Explores Dark Places. You’re so used to digging around in the dark that you’ve adapted to it. This is a mix of relatively mundane and relatively less mundane abilities, varying from making you better at sneaking and physical exploration and finding stuff, to giving you darkvision, to letting you partially become a shadow. And I just like that mix of practicality and edginess, and I also like the idea of someone who was just so good and went out of their way to become so good at spelunking and exploring dark, inaccessible places that they sort of absorbed the darkness and got comfortable there. I wanna make a stinky mole-man jack or delve who hasn’t seen daylight in three years because they were too busy rooting around in ancient sewers.
Fuses Flesh and Steel. You’re just straight up a cyborg. One who can tinker with themselves to try and improve their form/abilities. Your initial artificial components might have been done to you, or you might have done them to yourself. And. Sometimes you just want to play the nano/wright scientist who tried to make themselves that bit more durable the old-fashioned, mad-science way?

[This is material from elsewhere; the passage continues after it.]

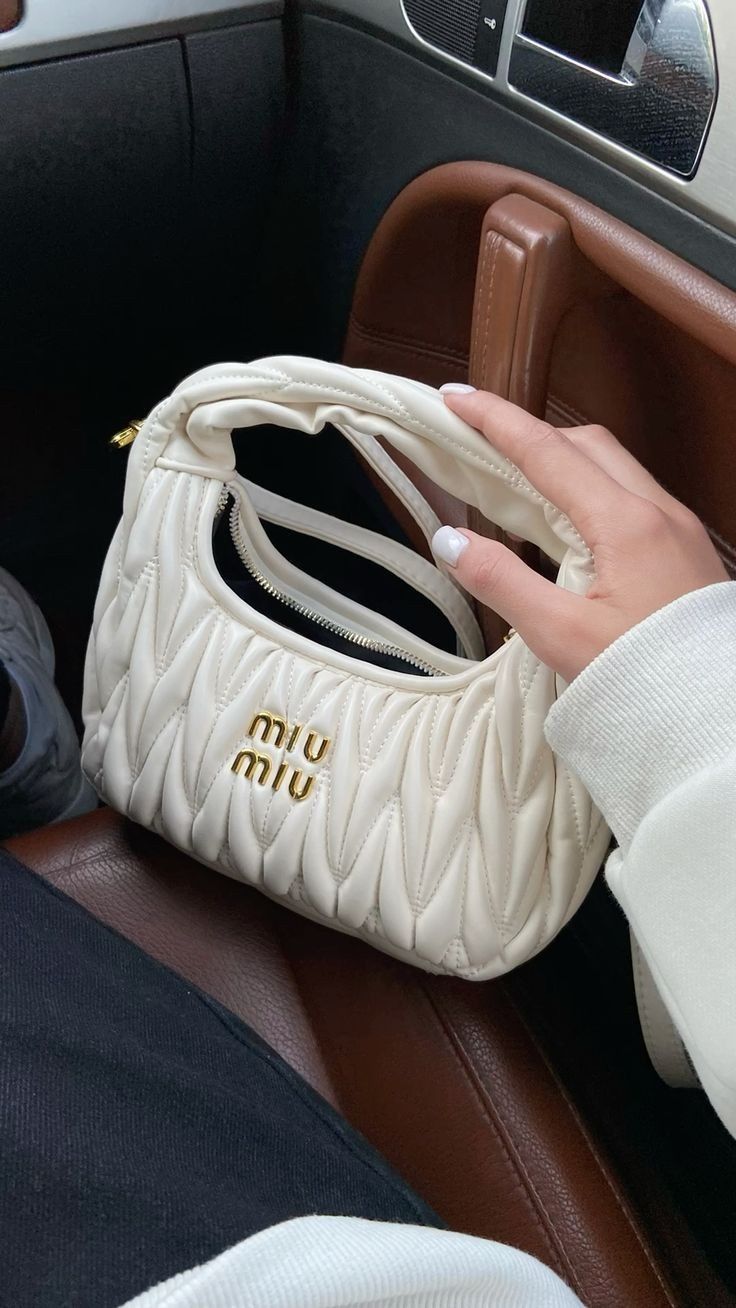 Сумка miu miu.Осталась последняя,девочки успейте приобрести!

Howls at the Moon. You are a werewolf. And by that I don’t mean any old shapeshifter, I mean you involuntarily change five nights a month, you can only transform at night (for an hour), and you have to level your character to gain the control to shift voluntarily (and you never lose those five involuntary nights). And while you’re in your beast form, involuntarily or otherwise, you can’t use Intellect, you involuntarily attack anything close to you, and if you didn’t kill and eat anything as a beast, recovering after the transformation is harder. You are full on roleplaying the werewolf curse. But hey, you do a shit tonne of damage and you can tank a lot as that beast. And! You get the option to pick one of the other PCs to be your special person, who soothes your beast and is safe from them, and can let you transform back easier. Is this necessarily the best focus to pick in a team game? Possibly not, depending on how willing the rest of the party is to work around the ravening indestructible monster that guaranteed WILL erupt in their midst at least five nights a month, but if you’ve always wanted to roleplay the struggle against your inner beast, Numenera does go all in.

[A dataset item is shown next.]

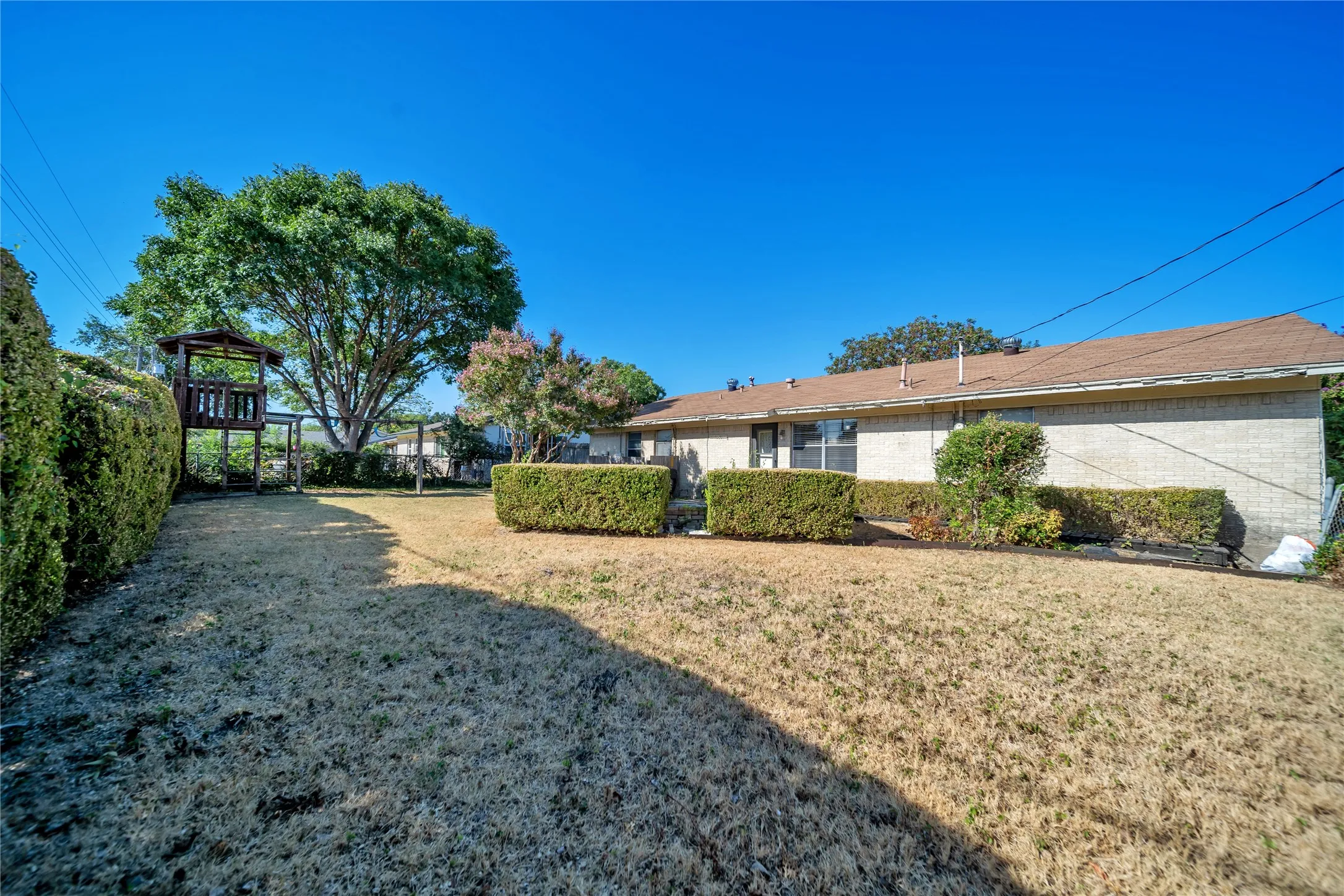 Single Family Residence For Sale in Dallas County , 1314 Glenville Drive, Garland, Texas 75042, 3 Bedroom, 2 Bathroom, 2 Garage spaces, 1,365 Sqft, built in 1964, mls#21389192, Real Estate Agent in Garland, Homes For Sale in Dallas county, Homes For Sale in Garland, Realtor in Garland Texas, Real Estate Brokerage Independent Realty Texas, Luminita Cordes Realtor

Emerged from the Obelisk. You got eaten by a hovering crystal obelisk and spat back out a year later with no memory of what happened in there and, oh yeah, turned into crystal yourself. Because these are the sorts of things that happen in the Ninth World. I just. I love that this is a thing. You don’t even have to have been spat back out as a humanoid crystal, there’s a note that if you want to be differently shaped, like, say, a levitating crystal shard, you just have to work it out with your GM how you, you know, touch and see and manipulate things, etc. One of the suggestions is ‘crystalline tendrils’. So, yeah. You can get hoovered up by a giant floating crystal and spat back out as a crystalline tentacle monster, if you so choose. This is excellent. You do get boosts to physical stats for being crystalline, and later on you get levitation, laser beams and teleportation through known crystals/obelisks, which are definitely all cool, but if I’m fully honest I’m taking this to be an amber crystalline fish creature with tendrils, whose driving quest is to figure out how the fuck this happened. Obelisk! Get back here! I have so many questions.
Never Says Die. What it says on the tin. You are doggedly determined not to die. That’s it. That’s the whole deal. You’re just not going down. Health boosts, recovery boosts, later abilities to stay up a round after you should be dead. For when you just want to be stubborn about this. I’m gonna be immortal by sheer dint of just not dying. I just. I always enjoy abilities that are just raw bloodymindedness.
In general, the Foci are just cool. Pick the fantasy you want to live out, and go for it. Heh.